I thought about the night he'd prepared my bath and his gentle voice when he'd apologised. That man—the one who'd held me while I cried, who'd threatened to kill for me—was the one I was falling for. But he also retreated behind walls of duty and protocol every time we got too close.

"Then don't," Gabi leaned forward, her eyes sparkling with mischief. "It's Halloween, and an amazing party is at The Underground."

"James would never let me go," I sighed, and glanced around the café.

Over the past weeks, I'd noticed things James hadn't—the staff routines, the delivery schedules, the way the afternoon shift change created brief moments of chaos.

That's when I noticed something I hadn't before—Sofia behind the counter, and the staff exit partially visible from our table.

An employee pushed through it, carrying rubbish bags outside. "Unless..."

"Unless what?" Octavia's eyes widened, recognising the familiar glint in my expression.

"Unless we create a diversion." I kept my voice low, watching Sofia work.

"James expects me to text when I'm ready to leave.

Sofia could help us slip out the back while he's positioned out front.

He's been focused on the front entrance, constantly scanning the street.

He's positioned himself with a clear view of the café entrance but not the alley behind. "

"That's incredibly risky, Eve," Octavia warned. "If he catches you..."

"He won't.
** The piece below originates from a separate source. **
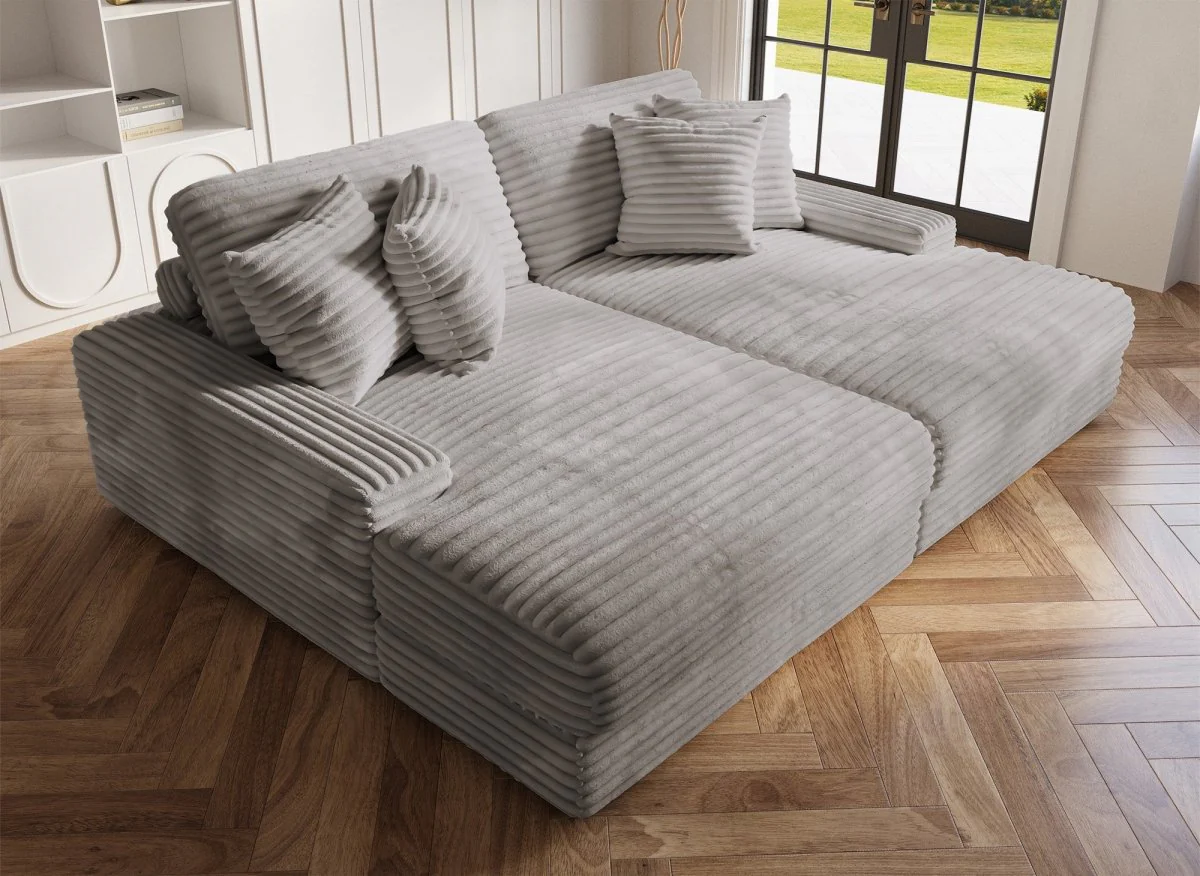 Canapé droit méridienne 2 places en gros côtelé doux gris DAHO - Image 3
He's been working eighteen-hour days since the threats escalated. I've noticed the subtle signs—the way he rubs his temples, the extra cups of coffee, the slight delay in his responses. Even super-soldiers have limits."

Gabi nearly knocked over her coffee in excitement. "Oh my God, yes! This is the Eve we know and love!"

"Are you sure about this?" Octavia asked, but she was already reaching for her phone. "Because if you are, I'm calling a taxi right now."

My heart raced with equal parts guilt and exhilaration.

I knew I was playing with fire—James would be furious when he found out.

But after weeks of suffocating under his scrutiny and drowning in my secrets and fears, I needed this.

I needed one night where I wasn't Princess Evangeline, where I wasn't the girl with the dark past, where I wasn't constantly looking over my shoulder.

"Call the taxi," I said, pulling my hair into a messy bun. "Tell them to meet us at the back alley in five minutes."